‘Hypothesis’ is a word I see being thrown around social media; sometimes it just doesn’t sit right. This inspired me to look into various technical resources to see if any types of hypothesis actually fit the use I saw so many insisting was “correct”. This article hopes to address the use of hypothesis in the colloquial setting, give more detail around the common misconception, and provide details about the various types of hypothesis.
The problem with the way hypothesis is being used is that it is a technical term, primarily used in science and statistics, so it has a contextually correct definition/set of parameters. What compounds the issue is, that most who are using the term think they are doing it in a technical way. This might lead them to assume there is a null hypothesis to the “hypothesis” they are discussing.
- The Common Misconception
- What is a Hypothesis?
- Types of Hypothesis
- Causal hypothesis
- Relational Hypothesis / correlative hypothesis / associative hypothesis
- The descriptive hypothesis/tentative law.
- Statistical hypothesis
- Null and alternative hypothesis.
- Simply Complex
- Quick Recap on the Types of Hypothesis
- Fundamental qualities of a hypothesis
- What would we call a Non-Falsifiable Hypothesis?
The Common Misconception
The most common misconception I see is that “a hypothesis is just an idea or explanation about the natural world” and you can forgive this misconception because if you only do a search for a definition and stop there, you don’t get much more information than that.
As is often the case with these simplistic definitions of technical language, they miss the actual context and application of these terms.

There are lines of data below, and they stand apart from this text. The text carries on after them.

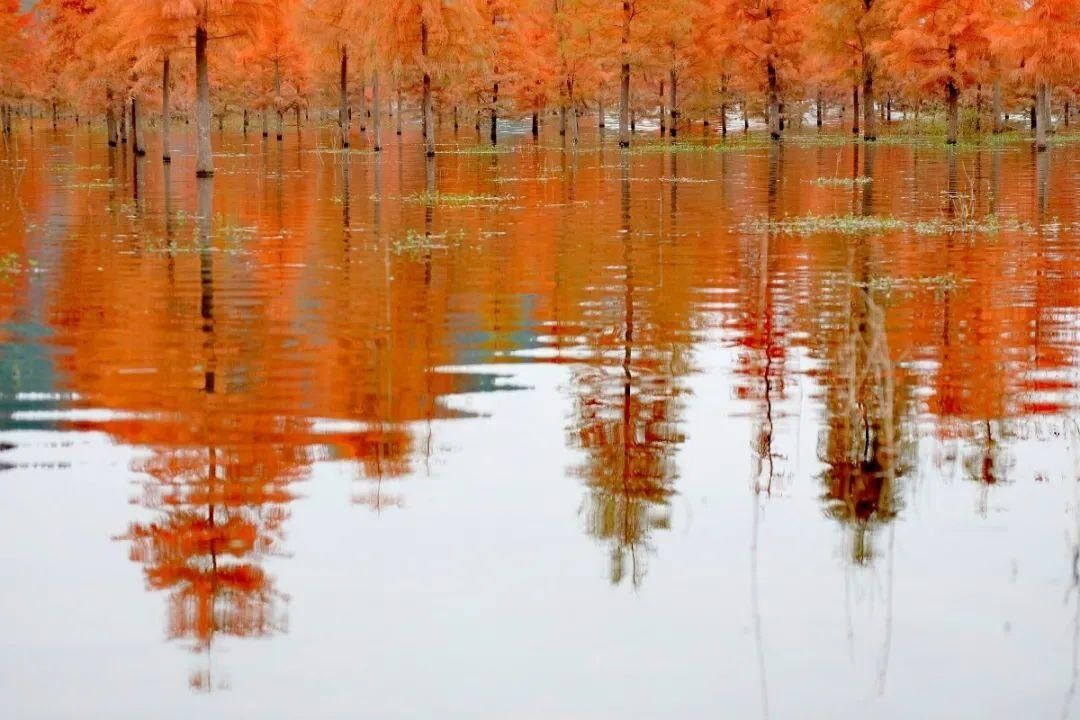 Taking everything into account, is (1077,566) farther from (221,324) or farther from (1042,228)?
(1042,228)

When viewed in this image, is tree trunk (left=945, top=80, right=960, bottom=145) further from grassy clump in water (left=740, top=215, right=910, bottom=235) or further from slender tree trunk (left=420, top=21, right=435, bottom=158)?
grassy clump in water (left=740, top=215, right=910, bottom=235)

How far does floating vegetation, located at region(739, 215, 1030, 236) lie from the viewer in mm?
23344

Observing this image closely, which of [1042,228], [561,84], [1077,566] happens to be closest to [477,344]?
[1077,566]

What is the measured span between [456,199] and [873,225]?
31.9ft

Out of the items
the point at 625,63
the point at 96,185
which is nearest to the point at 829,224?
the point at 96,185

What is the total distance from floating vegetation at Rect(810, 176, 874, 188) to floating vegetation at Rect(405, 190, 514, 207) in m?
8.25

You can see here that one of the synonyms is conjecture, an opinion formed on incomplete information. But that doesn’t really describe what a hypothesis is, and how it is used/applied.
What is a Hypothesis?
A hypothesis is an explanation of an observation of some feature of the natural world or dataset that suggests a relationship between two (or more) variables. The hypothesis, whilst not a prediction itself, has a predictive quality that, if the hypothesis is supported, we can expect to see.
What is a Variable?
A variable is an element, feature, or factor that has the ability to change.
How does a variable fit in the hypothesis framework?
It might not be clear what is meant by a relationship between variables. It basically means that if we manipulate one variable we would expect the other to change. It might be better to give an example:
Example: The Lawn Hypothesis
Let’s imagine for a moment we are in our garden and you notice that half of your grass is much longer than the other half. You note that the shorter half is in the shade. You take some time and notice that even through the day, the shorter half of your lawn is mostly in the shade, whilst the other side gets full light for a large portion of the day.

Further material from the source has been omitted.